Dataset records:
Start of Block

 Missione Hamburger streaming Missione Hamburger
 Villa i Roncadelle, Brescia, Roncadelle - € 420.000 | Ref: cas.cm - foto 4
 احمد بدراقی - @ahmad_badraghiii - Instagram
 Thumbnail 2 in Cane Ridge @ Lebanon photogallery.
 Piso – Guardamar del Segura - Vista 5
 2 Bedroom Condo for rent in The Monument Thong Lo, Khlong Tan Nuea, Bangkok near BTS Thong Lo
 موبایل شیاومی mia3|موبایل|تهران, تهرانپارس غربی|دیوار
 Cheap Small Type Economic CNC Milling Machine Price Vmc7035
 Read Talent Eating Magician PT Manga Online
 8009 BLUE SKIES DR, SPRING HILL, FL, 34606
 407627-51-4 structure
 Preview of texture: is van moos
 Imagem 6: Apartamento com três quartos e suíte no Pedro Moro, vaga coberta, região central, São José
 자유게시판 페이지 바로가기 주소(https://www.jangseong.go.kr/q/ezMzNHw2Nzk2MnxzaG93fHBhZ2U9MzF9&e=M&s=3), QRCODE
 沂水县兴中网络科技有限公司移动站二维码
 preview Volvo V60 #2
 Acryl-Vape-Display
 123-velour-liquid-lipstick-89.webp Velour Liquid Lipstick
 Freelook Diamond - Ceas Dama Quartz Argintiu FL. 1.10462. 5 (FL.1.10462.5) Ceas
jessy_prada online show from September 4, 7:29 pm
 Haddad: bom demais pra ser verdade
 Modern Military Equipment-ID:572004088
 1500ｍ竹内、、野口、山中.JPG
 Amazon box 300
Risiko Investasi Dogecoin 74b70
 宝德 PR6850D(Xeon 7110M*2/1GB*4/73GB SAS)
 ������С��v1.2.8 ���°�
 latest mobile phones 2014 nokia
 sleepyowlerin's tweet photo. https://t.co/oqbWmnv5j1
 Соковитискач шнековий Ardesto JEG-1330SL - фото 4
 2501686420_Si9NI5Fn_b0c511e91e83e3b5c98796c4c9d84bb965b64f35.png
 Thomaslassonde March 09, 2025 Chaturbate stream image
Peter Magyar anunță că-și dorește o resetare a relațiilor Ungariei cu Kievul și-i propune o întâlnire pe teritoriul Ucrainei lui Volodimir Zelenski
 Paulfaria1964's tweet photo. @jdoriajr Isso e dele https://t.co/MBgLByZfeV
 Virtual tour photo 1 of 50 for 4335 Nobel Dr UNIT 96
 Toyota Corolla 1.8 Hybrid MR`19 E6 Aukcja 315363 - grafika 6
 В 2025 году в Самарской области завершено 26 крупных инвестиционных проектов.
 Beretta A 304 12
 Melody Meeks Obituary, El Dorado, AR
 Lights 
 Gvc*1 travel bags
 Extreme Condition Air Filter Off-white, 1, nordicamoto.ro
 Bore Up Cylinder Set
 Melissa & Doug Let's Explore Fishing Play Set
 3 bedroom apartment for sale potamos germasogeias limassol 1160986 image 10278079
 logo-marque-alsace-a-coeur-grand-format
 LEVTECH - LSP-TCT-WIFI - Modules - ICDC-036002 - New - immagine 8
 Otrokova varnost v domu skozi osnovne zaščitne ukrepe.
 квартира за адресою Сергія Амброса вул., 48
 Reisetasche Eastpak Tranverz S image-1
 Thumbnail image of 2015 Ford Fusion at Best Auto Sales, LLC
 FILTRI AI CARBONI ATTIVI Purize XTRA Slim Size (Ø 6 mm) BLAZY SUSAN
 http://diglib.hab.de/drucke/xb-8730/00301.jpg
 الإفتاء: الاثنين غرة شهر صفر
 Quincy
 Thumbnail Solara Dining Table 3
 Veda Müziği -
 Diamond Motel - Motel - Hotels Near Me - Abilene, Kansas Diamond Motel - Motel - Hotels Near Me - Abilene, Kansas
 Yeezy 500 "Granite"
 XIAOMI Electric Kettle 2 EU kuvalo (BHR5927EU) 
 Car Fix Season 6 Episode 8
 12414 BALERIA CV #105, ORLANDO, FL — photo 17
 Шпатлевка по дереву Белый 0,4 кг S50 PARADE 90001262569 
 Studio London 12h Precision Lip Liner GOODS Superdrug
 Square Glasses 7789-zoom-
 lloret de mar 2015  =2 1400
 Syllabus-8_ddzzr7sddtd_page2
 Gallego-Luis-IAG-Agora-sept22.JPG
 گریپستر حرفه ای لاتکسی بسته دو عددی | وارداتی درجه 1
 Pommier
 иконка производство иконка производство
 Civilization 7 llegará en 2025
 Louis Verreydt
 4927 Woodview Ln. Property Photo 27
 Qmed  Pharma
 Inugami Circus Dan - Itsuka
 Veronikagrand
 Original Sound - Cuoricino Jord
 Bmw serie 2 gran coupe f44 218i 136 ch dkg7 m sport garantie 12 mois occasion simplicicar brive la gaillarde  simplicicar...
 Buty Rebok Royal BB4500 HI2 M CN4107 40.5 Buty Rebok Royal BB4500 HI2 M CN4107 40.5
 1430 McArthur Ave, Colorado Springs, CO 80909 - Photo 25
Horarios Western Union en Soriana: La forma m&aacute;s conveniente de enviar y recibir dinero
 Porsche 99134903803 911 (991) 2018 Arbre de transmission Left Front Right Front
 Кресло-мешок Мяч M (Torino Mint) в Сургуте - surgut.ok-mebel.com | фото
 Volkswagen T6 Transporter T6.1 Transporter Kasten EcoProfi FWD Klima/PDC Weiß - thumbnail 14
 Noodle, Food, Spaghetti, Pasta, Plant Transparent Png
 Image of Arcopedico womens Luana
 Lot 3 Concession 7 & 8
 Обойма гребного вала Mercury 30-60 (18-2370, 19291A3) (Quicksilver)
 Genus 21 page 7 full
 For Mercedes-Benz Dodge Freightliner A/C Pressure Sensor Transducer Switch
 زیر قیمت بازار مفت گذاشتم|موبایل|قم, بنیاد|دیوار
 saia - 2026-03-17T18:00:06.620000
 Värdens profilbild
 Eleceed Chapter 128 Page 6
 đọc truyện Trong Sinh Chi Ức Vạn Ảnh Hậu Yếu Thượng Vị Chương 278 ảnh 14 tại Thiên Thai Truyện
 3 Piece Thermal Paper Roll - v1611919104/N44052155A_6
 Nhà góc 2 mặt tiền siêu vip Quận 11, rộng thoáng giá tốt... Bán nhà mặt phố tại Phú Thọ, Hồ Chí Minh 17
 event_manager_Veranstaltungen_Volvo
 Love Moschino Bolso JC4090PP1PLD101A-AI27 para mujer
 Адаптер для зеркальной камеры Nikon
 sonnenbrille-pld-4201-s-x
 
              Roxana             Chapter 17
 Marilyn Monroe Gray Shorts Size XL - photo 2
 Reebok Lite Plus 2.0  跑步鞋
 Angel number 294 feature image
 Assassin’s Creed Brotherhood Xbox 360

End of Block

EXERCISE DESCRIPTION —
What you give back should be exactly the lines of the data above from the line with "Modern Military Equipment-ID:572004088" through the line with "12414 BALERIA CV", both of those included, and nothing more.

TASK OUTPUT —
 Modern Military Equipment-ID:572004088
 1500ｍ竹内、、野口、山中.JPG
 Amazon box 300
Risiko Investasi Dogecoin 74b70
 宝德 PR6850D(Xeon 7110M*2/1GB*4/73GB SAS)
 ������С��v1.2.8 ���°�
 latest mobile phones 2014 nokia
 sleepyowlerin's tweet photo. https://t.co/oqbWmnv5j1
 Соковитискач шнековий Ardesto JEG-1330SL - фото 4
 2501686420_Si9NI5Fn_b0c511e91e83e3b5c98796c4c9d84bb965b64f35.png
 Thomaslassonde March 09, 2025 Chaturbate stream image
Peter Magyar anunță că-și dorește o resetare a relațiilor Ungariei cu Kievul și-i propune o întâlnire pe teritoriul Ucrainei lui Volodimir Zelenski
 Paulfaria1964's tweet photo. @jdoriajr Isso e dele https://t.co/MBgLByZfeV
 Virtual tour photo 1 of 50 for 4335 Nobel Dr UNIT 96
 Toyota Corolla 1.8 Hybrid MR`19 E6 Aukcja 315363 - grafika 6
 В 2025 году в Самарской области завершено 26 крупных инвестиционных проектов.
 Beretta A 304 12
 Melody Meeks Obituary, El Dorado, AR
 Lights 
 Gvc*1 travel bags
 Extreme Condition Air Filter Off-white, 1, nordicamoto.ro
 Bore Up Cylinder Set
 Melissa & Doug Let's Explore Fishing Play Set
 3 bedroom apartment for sale potamos germasogeias limassol 1160986 image 10278079
 logo-marque-alsace-a-coeur-grand-format
 LEVTECH - LSP-TCT-WIFI - Modules - ICDC-036002 - New - immagine 8
 Otrokova varnost v domu skozi osnovne zaščitne ukrepe.
 квартира за адресою Сергія Амброса вул., 48
 Reisetasche Eastpak Tranverz S image-1
 Thumbnail image of 2015 Ford Fusion at Best Auto Sales, LLC
 FILTRI AI CARBONI ATTIVI Purize XTRA Slim Size (Ø 6 mm) BLAZY SUSAN
 http://diglib.hab.de/drucke/xb-8730/00301.jpg
 الإفتاء: الاثنين غرة شهر صفر
 Quincy
 Thumbnail Solara Dining Table 3
 Veda Müziği -
 Diamond Motel - Motel - Hotels Near Me - Abilene, Kansas Diamond Motel - Motel - Hotels Near Me - Abilene, Kansas
 Yeezy 500 "Granite"
 XIAOMI Electric Kettle 2 EU kuvalo (BHR5927EU) 
 Car Fix Season 6 Episode 8
 12414 BALERIA CV #105, ORLANDO, FL — photo 17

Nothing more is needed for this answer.